SALT LAKE CITY — A Utah lawmaker is pushing a bill in direct response to a scathing state audit that found a former Unified Fire Authority boss spent tens of thousands of taxpayer money to buy Apple products and expensive cameras for his own use.
The bill comes at the request of State Auditor John Dougall and Utah prosecutors, who declined to file criminal charges last year after concluding a "loophole" in Utah's public corruption statutes would make prosecution impossible.
At the time, prosecutors also cited an "absence of accountability" since the purchases and other issues were all ultimately approved through a "loose management structure."
In front of a panel of House lawmakers last week, HB163 sponsor Rep. Craig Hall, R-West Valley City, didn't identify former Unified Fire Authority deputy chief Gaylord Scott by name, but mentioned the audit, and read off a list of Apple products auditors found Scott had purchased with taxpayer money yet used "almost exclusively for personal use."

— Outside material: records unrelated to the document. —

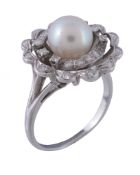 A cultured pearl and diamond dress ring, the central cultured pearl within surround of eight cut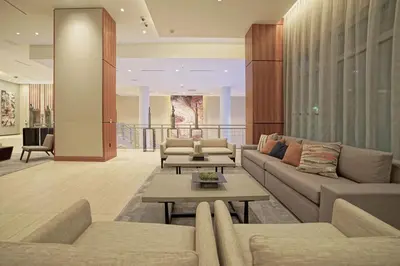 a living room with two couches and a table at AC Hotel by Marriott Fort Lauderdale Airport in Dania Beach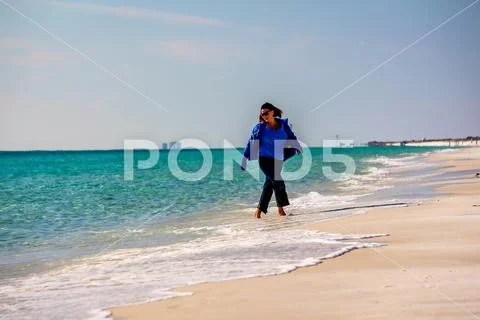 Beautiiful woman walking on a sunny white sand beach 1032-69 Stock Photos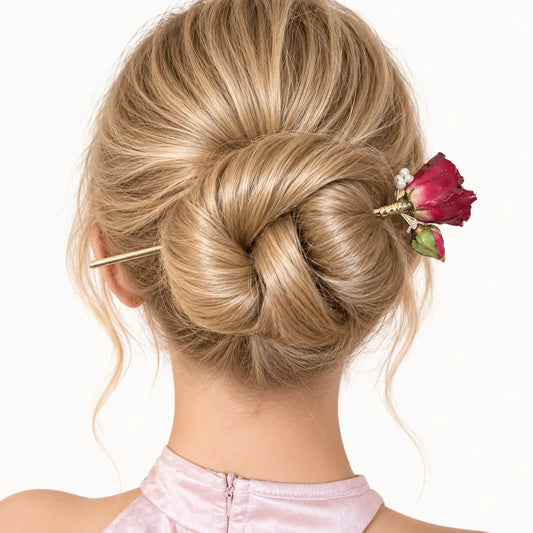 Chignon agrémenté d’un peigne à rose et fils dorés.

The list included two iMacs, iPads, two Nikon cameras, several camera lenses, an Apple Watch, two iPhones, MacBooks and a GoPro camera, Hall said.

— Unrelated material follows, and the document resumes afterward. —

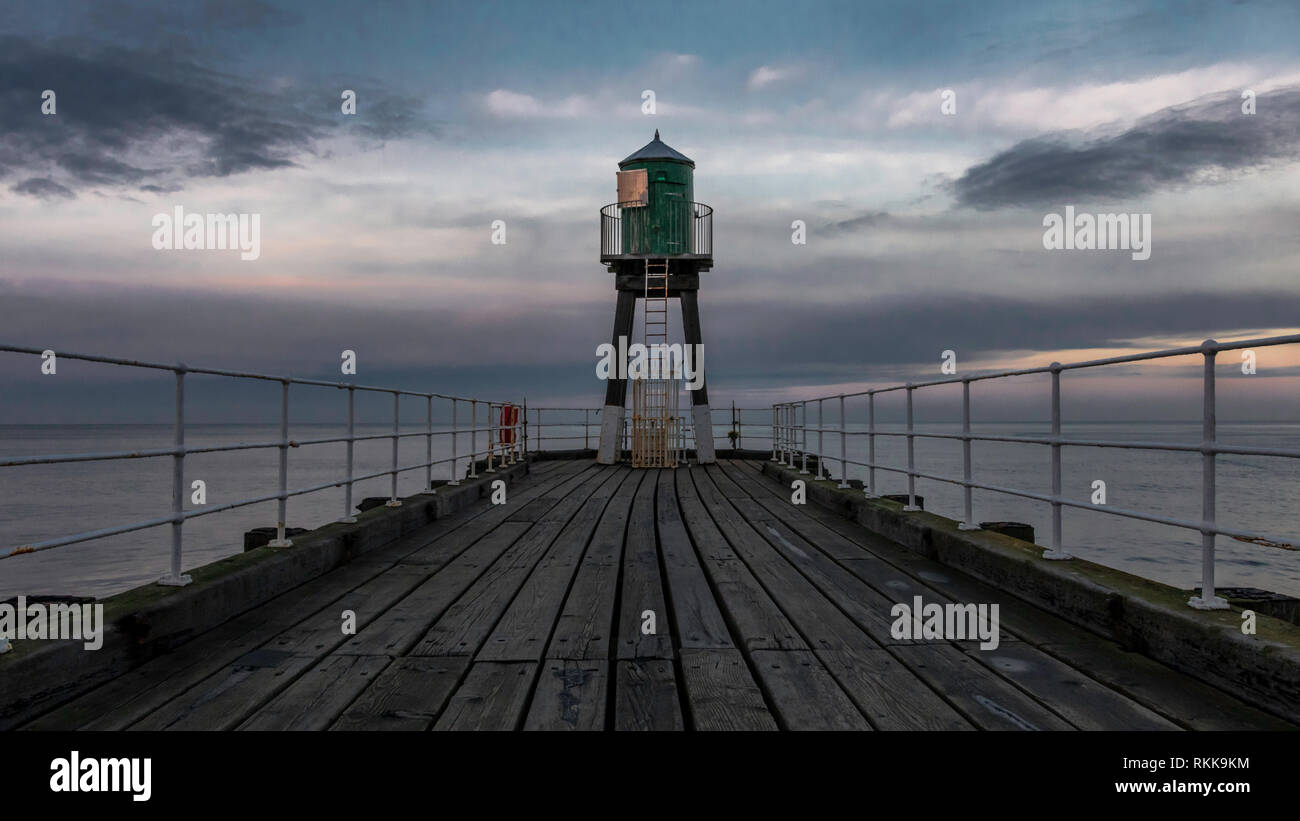 Whitby Abbey pier with lighthouse in the end. Seaside with beautiful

"These were all things that were purchased with government money, and since they were purchased with government money, they were government property," Hall said.
Utah prosecutors' investigative report detailed thousands of dollars in questionable purchases, including that Scott used his Unified Fire Authority purchase card to buy $23,000 worth of technology items between January 2012 to July 2016.
Yet after the case was handed over to prosecutors, Hall said they declined to file charges because they faced a dilemma with state law.
Current state law is "very clear" about the misuse of public money, but it's not clear regarding the misuse of public property, Hall said.
"That's the purpose of this bill," Hall said. "It prohibits, clearly, unauthorized personal use of public property."
If "someone wants to buy a really nice camera," Hall said, they can either "steal the money from work" or use the money at work to buy the camera, yet only use it for themselves. Currently, Utah law outlaws the first scenario, but not clearly enough the second scenario, Hall said.
"That's what we're trying to avoid is a bad actor (that) can manipulate the way things are purchased to use government resources for personal use," Hall said.
Dave Carlson, assistant attorney general, joined Hall to lobby lawmakers to support the bill. He said it would be useful to "close some loopholes that we see in the public corruption statutes."
Dougall also urged support of the bill, noting that such cases aren't extremely common, but when they do happen "they're usually big issues" and the public is left wondering "why wasn't more done?"
The bill won an endorsement from the House Government Operations Committee on Tuesday. It now is waiting to be considered on the House floor.